Rechtsmittelinstanz:
VGH München, Beschluss vom 17.08.2022 – 15 ZB 22.1402
Fundstelle:
BeckRS 2022, 22243

Tenor

I.Die Klage wird abgewiesen.
II.Der Kläger trägt die Kosten des Verfahrens.
III.Das Urteil ist im Kostenpunkt vorläufig vollstreckbar.  

Tatbestand

1
Der Kläger wendet sich gegen eine zwangsgeldbewehrte Beseitigungsanordnung hinsichtlich einer Halle und Nebengebäuden.
2
Bei einer Baukontrolle am 13. Oktober 2005 stellte das Landratsamt Tirschenreuth fest, dass auf dem Grundstück Fl.-Nr. 249 der Gemarkung T* … eine Halle (Grundfläche 17,75 m x 7,59 m) und Nebengebäude errichtet wurden. Die Halle dient als Unterstellraum für forstwirtschaftliche Geräte (Traktoren, Anhänger, Forstseilwinde), die vier Nebengebäude auf dem Grundstück werden in Form von zwei Holzlegen, einem Schuppen für Hasenställe und einer Voliere für Kleintierhaltung genutzt. Alle baulichen Anlagen liegen innerhalb der Schutzzone des Naturparks Steinwald.
3
Unter dem 24. November 2005 teilte das Amt für Ernährung, Landwirtschaft und Forsten Tirschenreuth mit, dass Angaben zu einem land- oder forstwirtschaftlichen Betrieb des Klägers nicht vorlägen. Der Kläger habe dem Amt auf schriftliche Anfrage hin mitgeteilt, dass er keine Land- oder Forstwirtschaft zu Erwerbszwecken betreibe.
4
Die Untere Naturschutzbehörde des Landratsamts Tirschenreuth versagte mit Stellungnahme vom 4. Januar 2006 die naturschutzfachliche und -rechtliche Zustimmung zu den Gebäuden und forderte deren Beseitigung, da sich der Standort der baulichen Anlagen im Außenbereich und innerhalb des Geltungsbereichs der Schutzzone des Naturparks Fichtelgebirge befinde.
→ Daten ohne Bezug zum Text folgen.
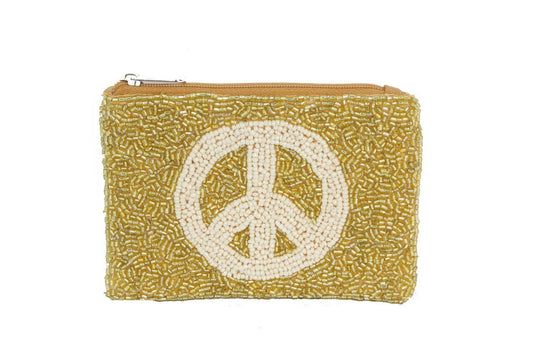 Peace sign beaded Coin Purse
Es sei ein Verstoß gegen Verbotsbestimmungen gegeben, da durch umfangreiche Rodung von Waldflächen, Abgrabungen, Errichtung von Gebäuden und die Schaffung einer ständigen Zufahrt zum benachbarten Wohnanwesen die Leistungsfähigkeit des Schutzgebietes dauerhaft beeinträchtigt sei. Außerdem seien der Waldbestand widerrechtlich beseitigt statt geschützt, der Lebensraum von heimischen Tierarten beeinträchtigt und die Vielfalt und Eigenart des typischen Landschaftsbereichs zerstört worden.
5
Mit Schreiben des Landratsamts Tirschenreuth vom 24. Januar 2006 wurde dem Kläger mitgeteilt, dass die von ihm errichteten Gebäude nicht genehmigungsfähig seien. Die baulichen Anlagen seien nicht privilegiert und würden als solche mehrere der in § 35 Abs. 3 BauGB aufgeführten Belange beeinträchtigen. Außerdem liege ein Verstoß gegen Verbotsbestimmungen der Naturparkverordnung vor. Der Kläger wurde zugleich mit dem Schreiben vom 24. Januar und danach mit weiteren Schreiben vom 16. Februar, 13. April und 8. Mai 2006 aufgefordert, eine Erklärung über die Beseitigung der von ihm errichteten Gebäude abzugeben. Für den Fall, dass er eine solche nicht abgeben sollte, wurde der Erlass einer förmlichen Beseitigungsanordnung angedroht.
6
Unter dem 26. April 2006 wies der Kläger das Landratsamt auf eine eventuelle Verpachtung der Gebäude an den Landwirt W* … hin.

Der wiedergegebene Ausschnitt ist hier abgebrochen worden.